It also seems perfect for keeping a stock ledger, recording holdings and transfers and stop-transfers and the like, replacing registrars and transfer agents and all sorts of intermediaries which have costs to incur.  As it turns out, the methods for doing all that by blockchain seem congruent with the laws that control stock transfers, probably without need to alter those laws.  While one alleged crypto-currency advantage of blockchain, total anonymity, is not possible with share ledgers (companies, brokers,  proxy solicitors, regulators need to know who’s who), there is no reason why names cannot be made accessible to appropriate, and only to appropriate, parties.

An interesting article in The Business Lawyer (vol 73, Winter 2017-18 at 85) describes the experience of one public company the shares of which are handled in this fashion.  The article is suitable for perusal by non-attorneys also as, unlike much legal writing, this piece appears to be written in English; and, the references to the statute (UCC Article 8) are easily skip-able.

I’ve Been Thinking

Did the Red Sox schedule a super-early opening day game in Boston because they believe that Global warming has already arrived?

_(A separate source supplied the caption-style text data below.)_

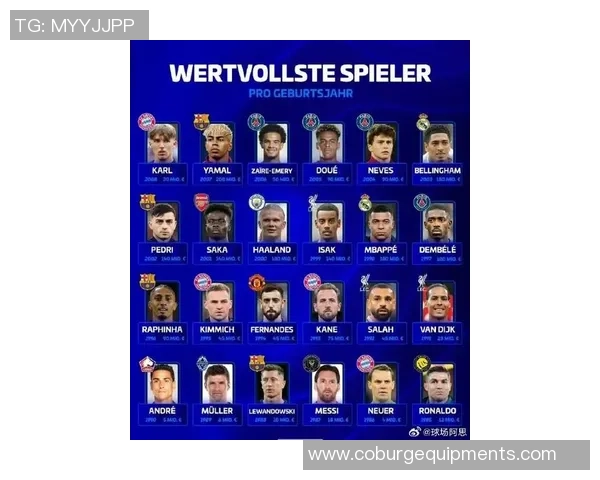 足球明星名字难读排行榜谁是你心目中的最难念之人 足球明星名字难读排行榜谁是你心目中的最难念之人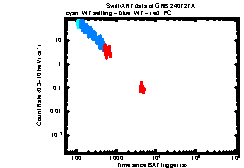 XRT Light curve of GRB 240727A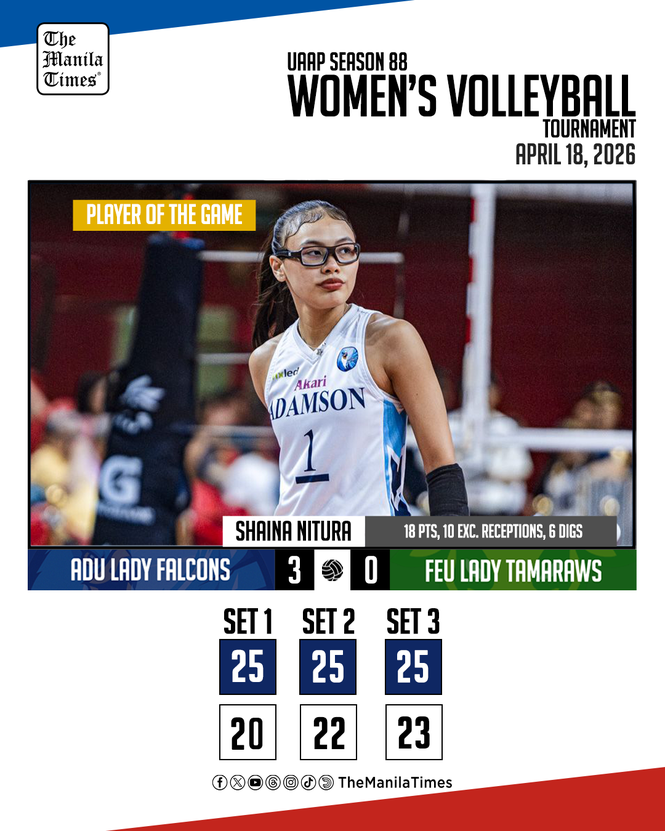 LOOK: Adamson def. FEU, 3-0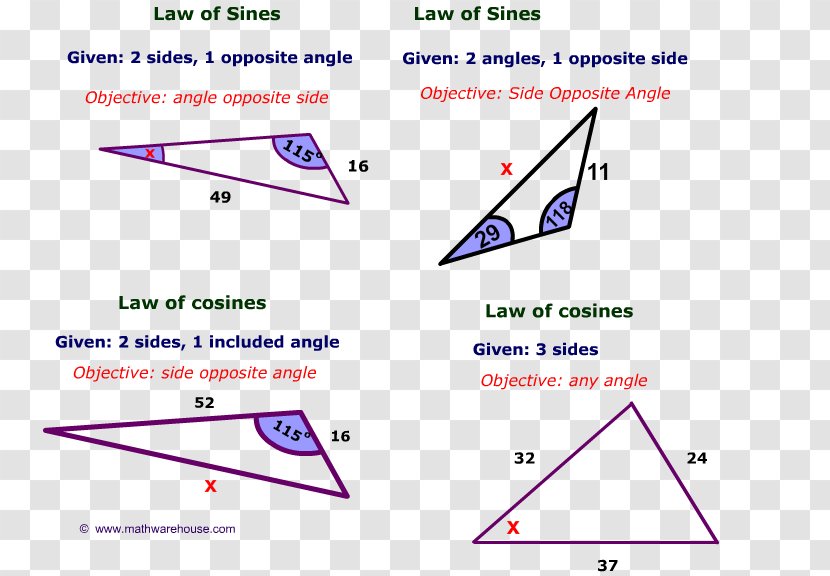 Law Of Cosines Sines Trigonometry Trigonometric Functions - Triangle Transparent PNG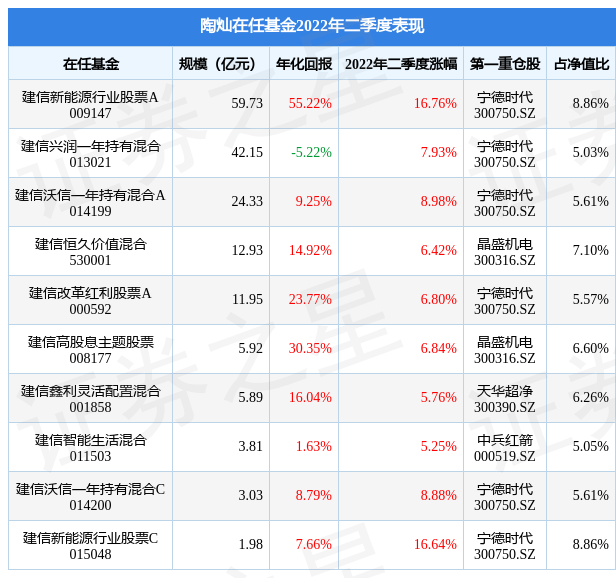 陶灿旗下基金公布2022年二季报，建信新能源行业股票A基金季度涨幅16.76%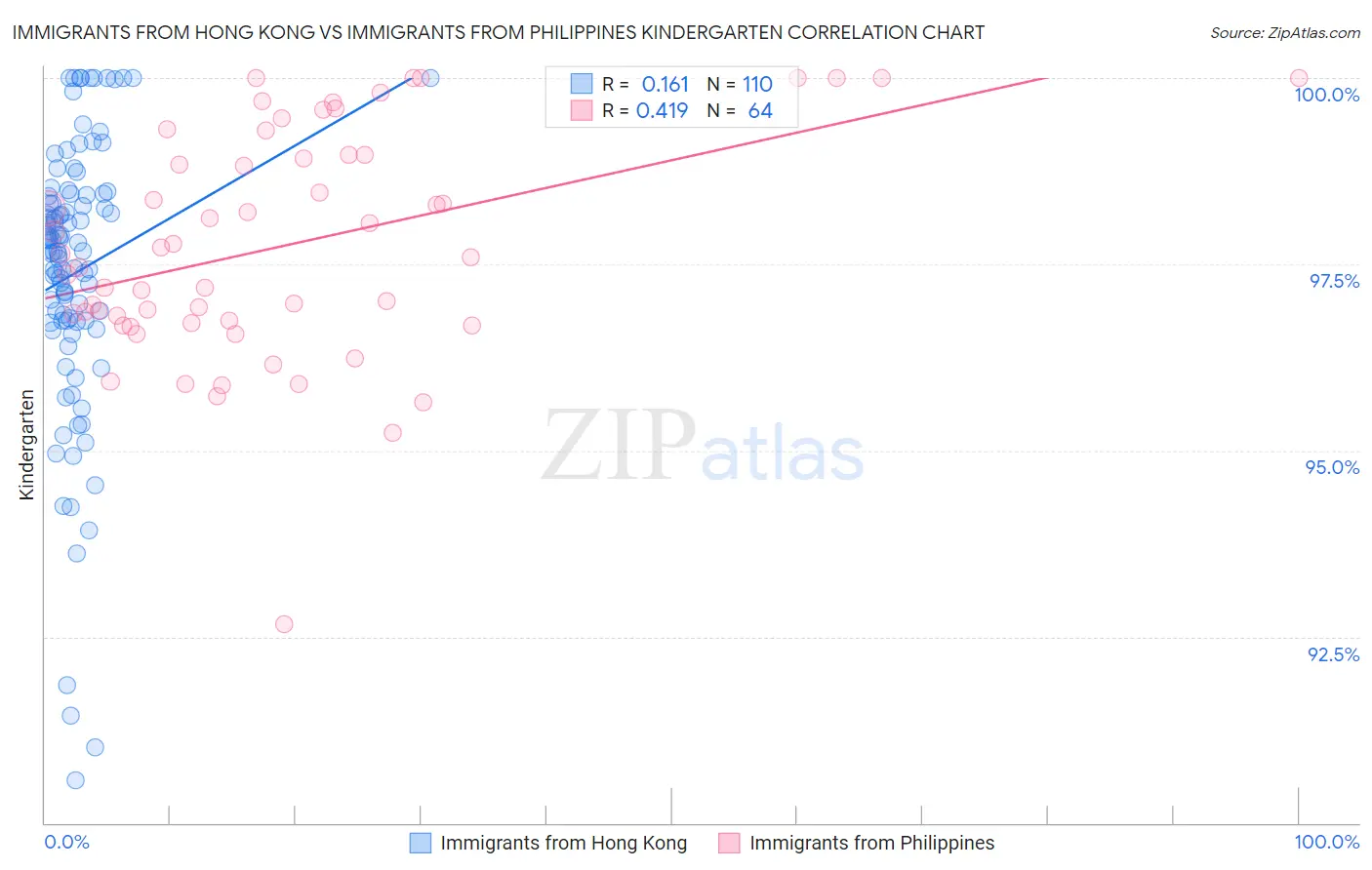 Immigrants from Hong Kong vs Immigrants from Philippines Kindergarten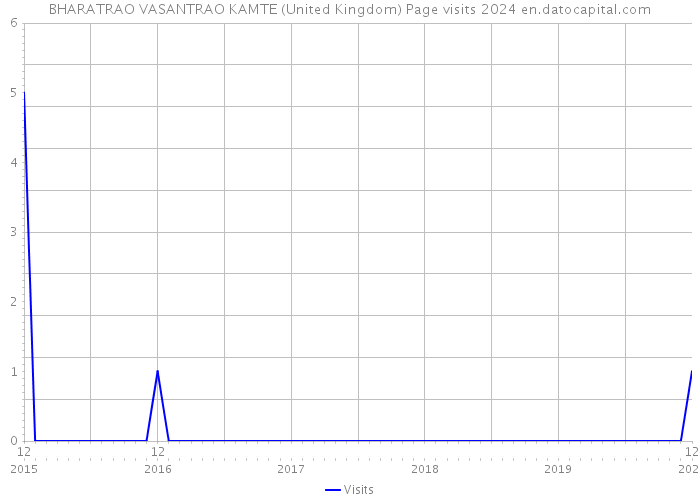 BHARATRAO VASANTRAO KAMTE (United Kingdom) Page visits 2024 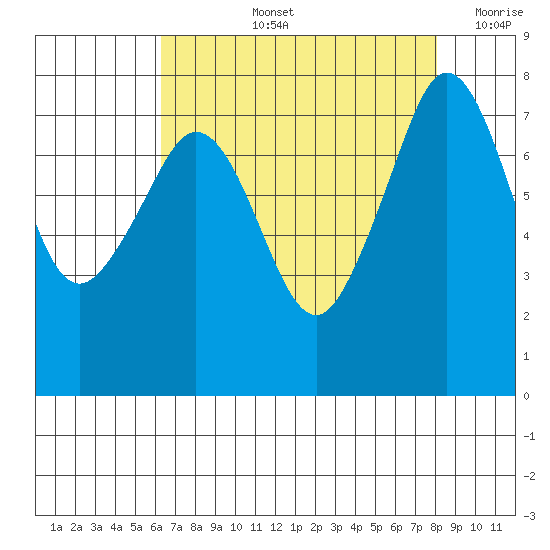 Chuckanut Bay tide chart for Thursday, August 26, 2021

Now that the iconic Sunday Times crossword puzzle is full of questions from television, modern pop music and rap, internet references and actors I never heard of, have I reached the age where I should invest in those large-format books that collect old puzzles and give up on the new stuff?

If the Federal government is out of money, how does the President still get to stay in the White House?  Is the electricity off?

If Tom Brady is truly immortal, why do the Patriots carry a back-up quarterback rather than apply that superfluous salary to reducing seat prices?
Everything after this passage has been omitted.